#### [Problem description]
Return all lines from the listing below in which the string "human" occurs.

- - - -

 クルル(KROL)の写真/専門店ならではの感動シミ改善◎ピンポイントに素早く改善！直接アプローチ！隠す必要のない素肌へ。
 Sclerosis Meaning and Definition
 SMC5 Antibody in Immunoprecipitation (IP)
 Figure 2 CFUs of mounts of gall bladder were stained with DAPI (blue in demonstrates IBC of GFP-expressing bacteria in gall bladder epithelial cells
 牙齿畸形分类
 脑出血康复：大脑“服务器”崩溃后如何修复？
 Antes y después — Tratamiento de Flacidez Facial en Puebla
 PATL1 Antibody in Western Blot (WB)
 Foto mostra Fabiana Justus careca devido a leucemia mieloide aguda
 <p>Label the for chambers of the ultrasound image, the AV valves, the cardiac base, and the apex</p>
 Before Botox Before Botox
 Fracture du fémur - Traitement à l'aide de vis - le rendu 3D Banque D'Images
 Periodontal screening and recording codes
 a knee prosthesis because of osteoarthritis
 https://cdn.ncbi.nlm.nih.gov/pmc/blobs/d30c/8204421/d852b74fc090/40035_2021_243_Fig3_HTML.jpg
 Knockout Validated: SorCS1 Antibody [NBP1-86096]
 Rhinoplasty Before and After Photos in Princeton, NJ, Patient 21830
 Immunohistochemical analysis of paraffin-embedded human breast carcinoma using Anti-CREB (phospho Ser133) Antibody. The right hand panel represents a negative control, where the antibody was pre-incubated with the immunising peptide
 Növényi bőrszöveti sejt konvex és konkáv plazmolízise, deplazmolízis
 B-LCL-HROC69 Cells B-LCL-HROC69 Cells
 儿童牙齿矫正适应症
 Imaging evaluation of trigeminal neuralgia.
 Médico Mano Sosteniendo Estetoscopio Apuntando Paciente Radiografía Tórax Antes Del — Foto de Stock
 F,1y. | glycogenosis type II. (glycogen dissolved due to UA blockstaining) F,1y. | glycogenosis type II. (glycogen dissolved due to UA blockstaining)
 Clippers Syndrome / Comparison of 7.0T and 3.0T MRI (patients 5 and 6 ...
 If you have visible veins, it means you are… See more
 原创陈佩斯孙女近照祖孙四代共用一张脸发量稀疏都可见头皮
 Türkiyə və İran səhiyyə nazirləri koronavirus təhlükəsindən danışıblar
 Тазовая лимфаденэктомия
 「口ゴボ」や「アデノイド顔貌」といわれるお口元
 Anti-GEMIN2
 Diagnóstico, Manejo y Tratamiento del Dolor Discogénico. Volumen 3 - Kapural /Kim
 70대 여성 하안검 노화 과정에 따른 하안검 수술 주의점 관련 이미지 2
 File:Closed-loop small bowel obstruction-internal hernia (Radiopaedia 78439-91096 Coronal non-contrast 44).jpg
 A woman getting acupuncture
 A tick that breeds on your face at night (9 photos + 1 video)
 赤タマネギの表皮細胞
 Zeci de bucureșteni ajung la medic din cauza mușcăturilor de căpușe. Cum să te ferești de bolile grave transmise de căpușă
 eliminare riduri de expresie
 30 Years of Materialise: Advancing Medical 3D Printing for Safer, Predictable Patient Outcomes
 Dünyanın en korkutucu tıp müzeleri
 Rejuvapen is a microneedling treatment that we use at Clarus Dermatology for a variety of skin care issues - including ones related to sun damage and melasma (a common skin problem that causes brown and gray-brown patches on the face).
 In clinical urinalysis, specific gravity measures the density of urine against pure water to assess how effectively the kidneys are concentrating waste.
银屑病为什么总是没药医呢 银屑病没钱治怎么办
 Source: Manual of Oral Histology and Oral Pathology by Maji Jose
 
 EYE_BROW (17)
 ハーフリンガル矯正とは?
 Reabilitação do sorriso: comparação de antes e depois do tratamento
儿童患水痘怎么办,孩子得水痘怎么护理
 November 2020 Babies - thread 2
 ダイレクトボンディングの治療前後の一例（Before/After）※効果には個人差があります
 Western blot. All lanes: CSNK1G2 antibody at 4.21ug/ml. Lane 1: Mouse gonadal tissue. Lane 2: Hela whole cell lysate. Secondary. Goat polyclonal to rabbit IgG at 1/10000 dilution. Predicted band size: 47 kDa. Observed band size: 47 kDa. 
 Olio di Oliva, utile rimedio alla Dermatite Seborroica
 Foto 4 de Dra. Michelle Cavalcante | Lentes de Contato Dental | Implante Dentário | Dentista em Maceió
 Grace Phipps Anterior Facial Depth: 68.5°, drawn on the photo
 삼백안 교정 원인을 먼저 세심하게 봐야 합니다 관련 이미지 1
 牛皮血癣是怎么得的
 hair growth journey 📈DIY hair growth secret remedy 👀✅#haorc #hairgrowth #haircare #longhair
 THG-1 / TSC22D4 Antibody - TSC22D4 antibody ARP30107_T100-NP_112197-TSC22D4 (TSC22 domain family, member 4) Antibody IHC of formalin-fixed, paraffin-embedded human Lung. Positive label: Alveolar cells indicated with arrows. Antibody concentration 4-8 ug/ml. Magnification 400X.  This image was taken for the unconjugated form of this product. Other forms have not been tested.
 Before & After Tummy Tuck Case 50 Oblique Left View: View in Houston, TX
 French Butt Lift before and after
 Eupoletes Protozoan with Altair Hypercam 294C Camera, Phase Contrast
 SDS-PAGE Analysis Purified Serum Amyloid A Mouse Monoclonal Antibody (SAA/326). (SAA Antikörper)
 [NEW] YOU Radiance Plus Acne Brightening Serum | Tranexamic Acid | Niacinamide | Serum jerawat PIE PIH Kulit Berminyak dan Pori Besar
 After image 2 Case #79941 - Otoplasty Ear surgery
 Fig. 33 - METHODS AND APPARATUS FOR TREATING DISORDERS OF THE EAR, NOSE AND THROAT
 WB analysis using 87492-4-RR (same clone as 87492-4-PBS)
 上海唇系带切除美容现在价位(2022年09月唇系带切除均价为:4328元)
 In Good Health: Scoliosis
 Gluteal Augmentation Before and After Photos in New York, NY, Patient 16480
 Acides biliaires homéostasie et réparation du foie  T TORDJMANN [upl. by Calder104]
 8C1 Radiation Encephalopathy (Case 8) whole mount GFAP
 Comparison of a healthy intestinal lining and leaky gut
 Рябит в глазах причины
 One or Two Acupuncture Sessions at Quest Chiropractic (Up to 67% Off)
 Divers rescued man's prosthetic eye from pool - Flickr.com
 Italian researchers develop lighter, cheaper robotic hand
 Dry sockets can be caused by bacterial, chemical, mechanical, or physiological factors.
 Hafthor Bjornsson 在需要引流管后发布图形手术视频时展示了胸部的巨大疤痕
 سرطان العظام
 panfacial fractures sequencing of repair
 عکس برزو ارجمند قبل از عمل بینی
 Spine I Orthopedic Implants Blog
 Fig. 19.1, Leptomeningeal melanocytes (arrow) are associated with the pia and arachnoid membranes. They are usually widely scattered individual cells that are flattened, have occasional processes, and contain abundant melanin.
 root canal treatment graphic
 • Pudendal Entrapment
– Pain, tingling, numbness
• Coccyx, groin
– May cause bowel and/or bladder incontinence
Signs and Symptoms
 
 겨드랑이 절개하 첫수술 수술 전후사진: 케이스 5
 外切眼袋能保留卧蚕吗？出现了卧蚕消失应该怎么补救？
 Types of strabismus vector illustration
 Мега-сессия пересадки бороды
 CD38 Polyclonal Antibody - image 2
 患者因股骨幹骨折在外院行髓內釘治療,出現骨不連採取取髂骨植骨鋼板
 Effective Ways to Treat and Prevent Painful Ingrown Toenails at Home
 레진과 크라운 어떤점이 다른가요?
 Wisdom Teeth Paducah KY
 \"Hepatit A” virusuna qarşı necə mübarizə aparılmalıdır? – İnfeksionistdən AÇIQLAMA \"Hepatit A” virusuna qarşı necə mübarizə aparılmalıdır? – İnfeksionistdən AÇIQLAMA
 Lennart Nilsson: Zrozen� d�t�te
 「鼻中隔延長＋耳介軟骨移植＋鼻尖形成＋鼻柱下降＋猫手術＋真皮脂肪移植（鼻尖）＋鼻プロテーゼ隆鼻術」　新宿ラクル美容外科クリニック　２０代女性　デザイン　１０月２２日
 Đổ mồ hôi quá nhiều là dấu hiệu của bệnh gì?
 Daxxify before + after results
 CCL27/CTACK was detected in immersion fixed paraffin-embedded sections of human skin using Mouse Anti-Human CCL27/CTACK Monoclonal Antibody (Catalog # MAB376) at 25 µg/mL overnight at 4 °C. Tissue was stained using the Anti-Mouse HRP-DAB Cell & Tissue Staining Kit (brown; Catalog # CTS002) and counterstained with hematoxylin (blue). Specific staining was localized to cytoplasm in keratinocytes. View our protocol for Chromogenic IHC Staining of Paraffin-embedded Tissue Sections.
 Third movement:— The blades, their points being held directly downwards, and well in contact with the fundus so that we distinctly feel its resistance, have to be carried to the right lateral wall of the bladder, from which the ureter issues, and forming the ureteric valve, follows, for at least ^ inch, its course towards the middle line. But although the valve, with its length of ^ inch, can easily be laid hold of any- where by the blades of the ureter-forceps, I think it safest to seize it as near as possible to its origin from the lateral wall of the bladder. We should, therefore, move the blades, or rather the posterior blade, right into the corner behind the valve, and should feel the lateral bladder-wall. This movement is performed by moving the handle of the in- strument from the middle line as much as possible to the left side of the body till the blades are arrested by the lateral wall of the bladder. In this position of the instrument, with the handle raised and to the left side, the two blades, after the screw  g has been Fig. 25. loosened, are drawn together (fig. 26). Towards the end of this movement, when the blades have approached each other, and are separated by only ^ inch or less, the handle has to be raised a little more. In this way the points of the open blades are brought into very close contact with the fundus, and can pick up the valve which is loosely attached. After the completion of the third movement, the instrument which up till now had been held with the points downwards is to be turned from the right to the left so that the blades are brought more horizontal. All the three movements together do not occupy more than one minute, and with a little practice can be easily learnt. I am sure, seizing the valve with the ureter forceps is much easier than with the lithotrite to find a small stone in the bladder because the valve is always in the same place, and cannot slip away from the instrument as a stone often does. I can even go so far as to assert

- - - -

#### [Task answer]
 Immunohistochemical analysis of paraffin-embedded human breast carcinoma using Anti-CREB (phospho Ser133) Antibody. The right hand panel represents a negative control, where the antibody was pre-incubated with the immunising peptide
 THG-1 / TSC22D4 Antibody - TSC22D4 antibody ARP30107_T100-NP_112197-TSC22D4 (TSC22 domain family, member 4) Antibody IHC of formalin-fixed, paraffin-embedded human Lung. Positive label: Alveolar cells indicated with arrows. Antibody concentration 4-8 ug/ml. Magnification 400X.  This image was taken for the unconjugated form of this product. Other forms have not been tested.
 CCL27/CTACK was detected in immersion fixed paraffin-embedded sections of human skin using Mouse Anti-Human CCL27/CTACK Monoclonal Antibody (Catalog # MAB376) at 25 µg/mL overnight at 4 °C. Tissue was stained using the Anti-Mouse HRP-DAB Cell & Tissue Staining Kit (brown; Catalog # CTS002) and counterstained with hematoxylin (blue). Specific staining was localized to cytoplasm in keratinocytes. View our protocol for Chromogenic IHC Staining of Paraffin-embedded Tissue Sections.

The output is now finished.